Renée Levine reviews The Long Song by Andrea Levy


The Long Song by Andrea Levy

This amazing novel brings you, perhaps reluctantly but immediately to Jamaica 1831, directly into the life on a large sugar cane plantation and the life of both slaves and white rulers. The time is just before the British Empire frees all its slaves, we witness a brutal revolt and we get to experience the freedom given by the Parliament when they passed the abolition of slavery act and its attendant results for both slave and massa.

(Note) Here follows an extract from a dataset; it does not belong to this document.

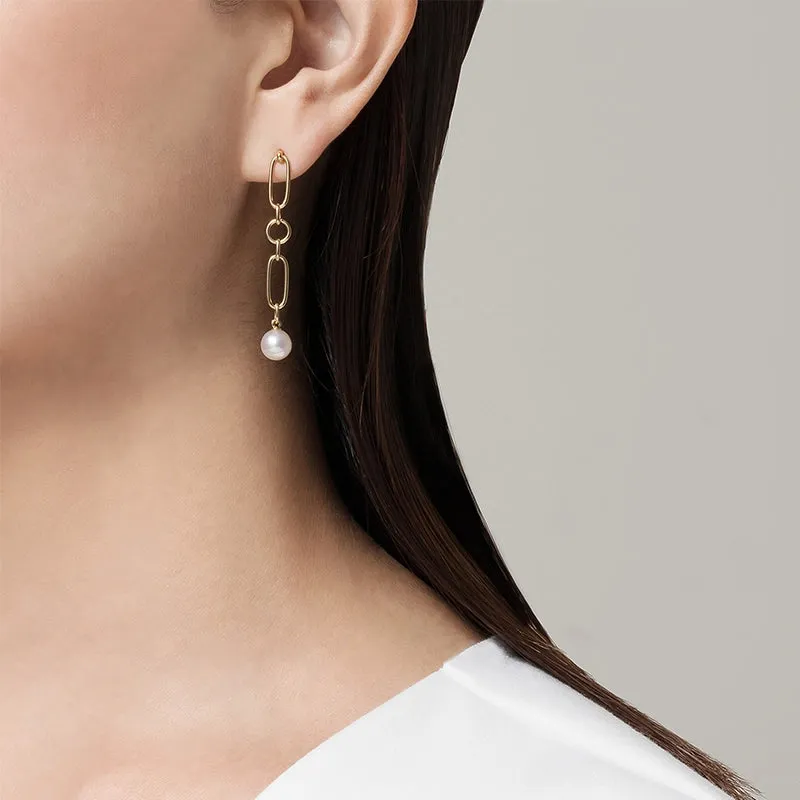 Mikimoto 18K Yellow Gold Cultured Akoya Pearl Dangle Earrings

The book is packaged with a preface and an afterword supposedly written by Thomas Kinsman, a former black London printer who returns to Jamaica in 1898 where he was born before being shipped off as a rejected infant by his mother. This educated and well dressed gentleman interprets the tale from time to time giving advice to his mother, the author of the book. She writes the story but is full of concern about its style since the story is complex. Thus she switches from first person to third person in order to keep us, the reader, engaged and not turned off by unnecessary detail, often boring in historic accounts. On the other hand, she must bring detail to the tale so that you, again you the reader, can absorb the horrors of that life lived by slaves.

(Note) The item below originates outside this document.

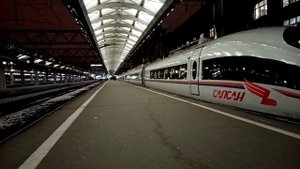 Отправление с Московского вокзала СПб поезда Сапсан #779 СПб - Москва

July is old when she tells the tale but the story begins with her birth, actually it begins with the violent rape of her mother Kitty, a slave raped by the white overseer of Plantation Amity. However, July is not always present in the telling: when the tale is told in the third person it is in the past, when it is told in the first person, it is in the present. The old woman is more sophisticated than was the girl and the house slave who speaks in Jamaican patois.

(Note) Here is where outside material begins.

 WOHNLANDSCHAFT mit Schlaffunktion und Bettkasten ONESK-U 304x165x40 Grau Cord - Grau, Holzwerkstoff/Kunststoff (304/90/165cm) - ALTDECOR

All levels of plantation life are given to us: the social gulf among the house and the field slaves, the casual brutality of white over black, the jealousy of status in the black world among gradations of color and of course the Church and its hypocrisy, the man of god who obeys his marital vows but can enjoy sex with the nigger under the same vows.

The story is not easy to enter. I flailed about for a goodly while trying to “get it” between the relationships, the languages and the switches of time. When the tale was done, I loved the work that had gone into it and felt it was more than worth while. Brilliant construct, an exciting read. Andrea Levy, grew up black, born in black London of Jamaican (but mixed with jewish and irish some time ago) parents. Her father was a veteran of the war who decided to immigrate to Britain after the war. This is her first novel set in Jamaica and it has perfect pitch. (not deliberate ) One feels that she is intimate as only one who has suffered and lived this tale can be with such a setting and such a history.